Module 3 — Insurance fund (Lessons 8–10) — Stage 10b

  • Lesson 8InsuranceFund struct + deposit / withdraw. The single-balance state machine.
  • Lesson 9absorb_deficit: how an Underwater liquidation drains the fund.
  • Lesson 10credit_fee: liquidation fee flows from collateral into the fund. Composition test: a single liquidation can both credit a fee and absorb a deficit when the position is severely underwater.

Module 4 — Scanner + Capstone (Lessons 11–13) — Stage 10c

  • Lesson 11 — Scanner type vocabulary: CloseOutcomeKind, LiquidationRecord, ScanReport, LiquidationScanner. The scaffolding types and builder API that the scan loop will compose against.
  • Lesson 12scan — the orchestration heart of the safety cascade: iterate &[AccountSnapshot], classify each, emit close orders for Liquidatable and Underwater, return insurance-fund deltas. The composition layer.
  • Lesson 13 — Capstone — 6 nuanced unit tests + 4 invariant proptests + the Stage 10 retrospective. Synthesis, bridge integration preview, market structure context: how on-chain CLOB liquidations differ from CEX liquidations and from ADL.

SHA pinning per module

Every lesson cites the openhl commit it builds against. For this course, lessons span three commits across Stage 10a → 10c:

ModuleLessonsopenhl SHA
0Lesson 022eedf9 (Stage 10a)
1Lessons 1–322eedf9 (Stage 10a)
2Lessons 4–722eedf9 (Stage 10a)
3Lessons 8–10Stage 10b — TBD
4Lessons 11–12Stage 10c — TBD

The TBD rows update as Stage 10b and 10c ship. Until then, modules 3 and 4 are skeleton — the modules 1-2 content (the entire pure-compute side) is fully built against 22eedf9 and ready to take you through Stage 10a end-to-end.

Prerequisites

To get the most from this course you should have:

  • Course 9 (openhl-funding) in your head.
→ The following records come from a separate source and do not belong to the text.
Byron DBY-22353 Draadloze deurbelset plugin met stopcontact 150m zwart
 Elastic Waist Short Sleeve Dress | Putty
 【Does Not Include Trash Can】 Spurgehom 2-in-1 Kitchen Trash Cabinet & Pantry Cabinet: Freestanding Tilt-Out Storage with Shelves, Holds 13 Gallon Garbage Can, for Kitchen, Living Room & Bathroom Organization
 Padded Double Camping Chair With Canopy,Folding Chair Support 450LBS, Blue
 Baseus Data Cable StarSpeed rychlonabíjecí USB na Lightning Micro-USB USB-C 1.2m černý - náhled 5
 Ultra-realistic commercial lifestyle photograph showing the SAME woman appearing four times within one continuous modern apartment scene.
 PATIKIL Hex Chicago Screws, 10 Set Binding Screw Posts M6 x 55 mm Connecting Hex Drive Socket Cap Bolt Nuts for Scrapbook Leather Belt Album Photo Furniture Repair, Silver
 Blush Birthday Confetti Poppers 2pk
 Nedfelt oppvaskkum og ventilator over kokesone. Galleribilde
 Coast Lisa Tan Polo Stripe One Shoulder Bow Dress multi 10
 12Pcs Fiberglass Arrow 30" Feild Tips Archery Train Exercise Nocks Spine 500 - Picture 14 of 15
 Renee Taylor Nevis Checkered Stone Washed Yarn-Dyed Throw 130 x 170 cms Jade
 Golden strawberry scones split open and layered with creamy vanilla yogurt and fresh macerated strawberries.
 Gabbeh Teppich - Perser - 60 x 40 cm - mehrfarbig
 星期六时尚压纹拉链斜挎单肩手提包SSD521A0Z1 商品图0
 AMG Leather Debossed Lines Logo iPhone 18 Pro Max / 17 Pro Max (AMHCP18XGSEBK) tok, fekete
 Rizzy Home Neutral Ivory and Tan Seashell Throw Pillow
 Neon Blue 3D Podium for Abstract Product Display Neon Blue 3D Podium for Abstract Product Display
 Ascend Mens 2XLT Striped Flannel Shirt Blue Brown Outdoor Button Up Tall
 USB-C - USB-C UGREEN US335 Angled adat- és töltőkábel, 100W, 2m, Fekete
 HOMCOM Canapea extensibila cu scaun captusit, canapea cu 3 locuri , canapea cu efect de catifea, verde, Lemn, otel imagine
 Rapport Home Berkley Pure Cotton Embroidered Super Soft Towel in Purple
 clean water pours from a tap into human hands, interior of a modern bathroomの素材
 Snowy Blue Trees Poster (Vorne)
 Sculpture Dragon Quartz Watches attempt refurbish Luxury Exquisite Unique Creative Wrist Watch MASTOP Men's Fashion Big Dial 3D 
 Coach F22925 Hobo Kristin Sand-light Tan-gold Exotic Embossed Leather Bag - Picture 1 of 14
You don't need to remember every lesson, but the fixed-point / saturating-arithmetic / pure-state-machine pattern from funding is the same pattern here. If funding was hard, this will be hard.
  • Course 7 (openhl-clob) for AccountId, Side, Qty. We reuse these directly. You don't need the matching engine internals.
  • Familiarity with margin math at the basic level. If you've ever seen "initial margin = 10%, maintenance = 2%" and not been confused, you're set. If you haven't, the perp recap above plus the Hyperliquid help center is enough.
  • No EVM, no precompile knowledge needed. Liquidation is pure state-machine math, just like funding.

You do NOT need:

  • A running openhl node — the crate has zero I/O.
  • Experience with risk engines at exchanges — the model here is small.
  • Quantitative finance background — basic algebra is enough.

Setup

# In your openhl workspace root:
cd ~/code/my-openhl
git checkout main
cargo build --workspace  # baseline — should pass before Lesson 1

Reference checkout (for the answer-key diff at the end of each lesson):

cd ~/code/openhl-reference  # separate checkout from your work tree
git checkout 22eedf9

(Or use the same workspace and git stash between lookups. Either works.)

Course style

Each lesson follows the build-along format established in courses 6-9:

  • Goal — what passes / what's built by the end.
  • Recap — where the previous lesson left off.
  • Plan — the specific edits, numbered.
  • Predict callouts (🛑 with "Before scrolling...") — questions before answers.
  • Anti-fluency callouts (🛑 with common misconceptions named explicitly) — preempt the "couldn't we just...?" reflex.
  • Walk-through — step-by-step code edits.
  • Test — the cargo test command + expected output.
  • Design reflection — 3-5 load-bearing decisions encoded in this lesson's code.
  • Answer keygit diff against the openhl reference SHA.
  • Common questions — 3-5 grounded answers.

Module 2 (pure compute) is more proof-heavy than code-heavy compared to the matching engine in course 7. Plan to slow down at the edge cases — the leveraged-regime non-monotonicity in Lesson 5 is where most readers' first mental model breaks. We rebuild it.

Ready

Onward to Lesson 1, where we set up MARGIN_SCALE and the LiquidationParams struct that the network's risk parameters live in.

Summary (3 lines)

  • Build openhl liquidation = scanner (Layer 1) + insurance fund (Layer 2). 14 lessons / 5 modules.
  • Pinned to 3 SHAs (compute / insurance / scanner). Prerequisites: openhl Funding + perp primer.
  • Pure compute for math; insurance fund is the first non-pure piece. Production parallel: Hyperliquid.